IUDX Analytics Pipeline

FISKR (Fisker) Pipeline

This data ingestion and analytics pipline is acronymed based on the components involved in it:

  • RabbitMQ - The main consumer of IUDX data. Publishes data into RMQ Exchange where broker sends to appropriate queues for consumption into the databases and analytic blocks.
  • Flink - Distributed processing engine. Consumes the stream of data from RMQ Broker and sinks it into Kudu Tables.
  • Kudu - Distributed data storage engine for faster analytics. The data stream is stored into column-oriented data store for OLTP purposes.
  • Impala - Massively Parallel Processing (MPP) SQL query engine. It is used to query Kudu tables using external table mapping.
  • Superset - Visualization engine with large scale distribution capabilities.

System Requirements

Setting this application will require multiple servers and of different configurations depending on the scale and number of datasources.

  • RabbitMQ:
    • Memory - Recommended 4 GB.
  • Flink:
    • Java 8 or 11.
    • Memory - Minimum 4 GB, Recommended 8 GB.
    • Storage Space - 30 GB recommended.
  • Kudu:
    • Memory - Recommended 4 GB.
    • Storage Space - 52 GB recommended.
  • Impala:
    • Memory - Recommended 8 GB.
    • Storage Space - 128 GB or more recommended, ideally 256 GB or more.
  • Superset:
    • Memory - Recommended 8 GB.
    • Storage Space - 40 GB recommended.

Components Setup order

RMQ -> Kudu -> Flink -> Impala -> Superset -> Apps

Components Setup

In order to setup the FISKR pipeline, a lot of components need to be setup individually and in a proper sequence.

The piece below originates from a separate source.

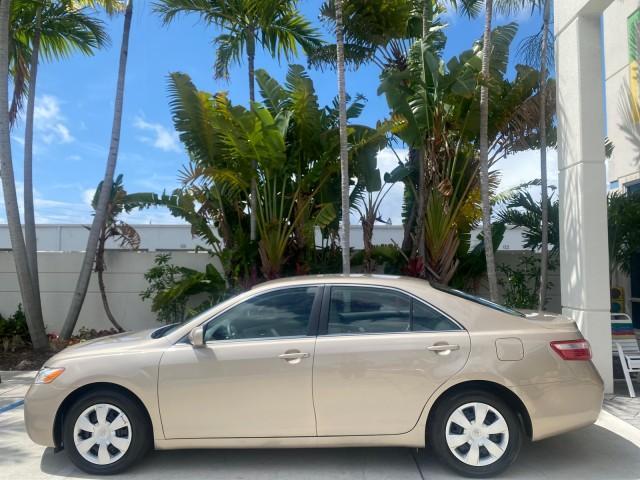 2009 Desert Sand Metallic /Bisque Toyota Camry LE LOW MILES 18,727 1 OWNER (4T1BE46K59U) with an 2.4L DOHC VVT-i 16-Valve 4-Cyl Engine engine, Automatic transmission, located at 4701 North Dixie Hwy, Pompano Beach, FL, 33064, (954) 422-2889, 26.240938, -80.123474 - OUR WEBPAGE FLORIDACARS1.COM HAS OVER 100 PHOTOS AND FREE CARFAX LINK 2009 Toyota Camry LE 1 OWNER Sedan 4 DR 2.4L I4 F DOHC 16V Gasoline 31 MPG Front Wheel Drive Features ABS Brakes Air Conditioning AM/FM Stereo Automatic Transmission Auxiliary Audio Input CD Audio Cruise Control Leather Seats Over - Photo#32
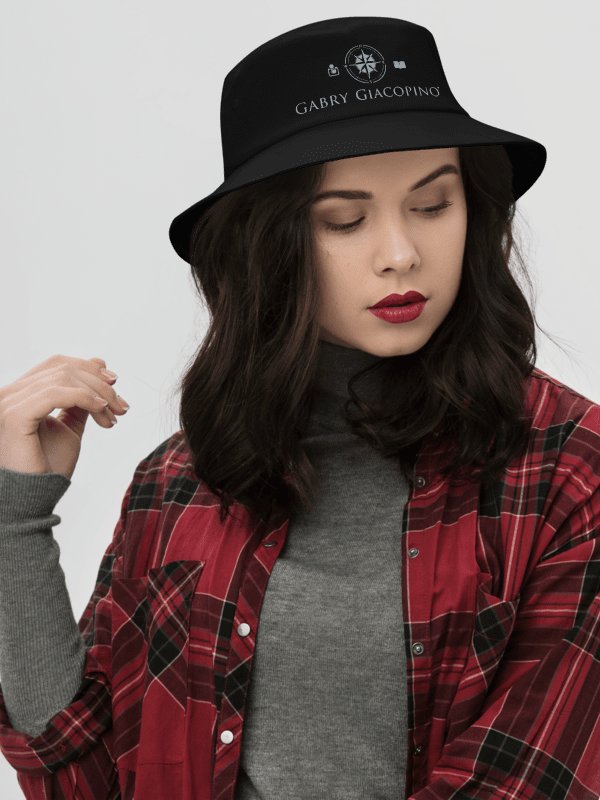 Cappello Parigino di Design – Raffinatezza senza tempo Gabry Giacopino Clothing Line product image (1)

Usual deployments will have to follow the following sequence.

RabbitMQ

RabbitMQ needs to be setup before everything so that the other components do find the queues while starting up.

cd scripts/start_services
./start_rmq.sh

Kudu

Kudu stores the streaming data into a column-oriented database. It needs to be started before starting flink job so that Flink is able to find Kudu masters running beforehand.

cd scripts/start_services
./start_kudu.sh

Flink

Flink adds the RMQ consumer as source to pull the data and sinks it into the Kudu tables. A Flink job can be setup locally using maven.

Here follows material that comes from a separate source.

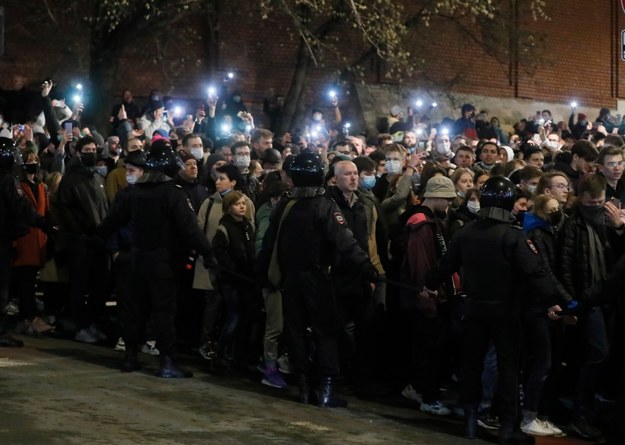 Tysiące Rosjan wyszło na ulice miast /Sergei Ilnitsky /PAP/EPA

cd flink-connectors/FlinkStreamingKudu
mvn clean package
cp dataConfig.properties target/dataConfig.properties
cd target
java -jar IUDXAnalyticsExperiment-1.0-SNAPSHOT.jar

Also, this JAR file can be submitted as job to the Flink cluster. Its setup and code will be updated soon.

Impala

Impala is used to query into Kudu tables. It creates a mapping table (external table) which creates a link to the Kudu table. Then, SQL queries can be run in impala-shell to access Kudu tables' data.

cd scripts/start_services
./start_impala.sh

Superset

Superset performs analysis over the data and creates visualization. It connects to the impala database using its URL.

cd scripts/start_services
./start_superset.sh

Running Components

Publisher

Since RMQ service is on, the data can be pushed to RMQ exchange from publisher.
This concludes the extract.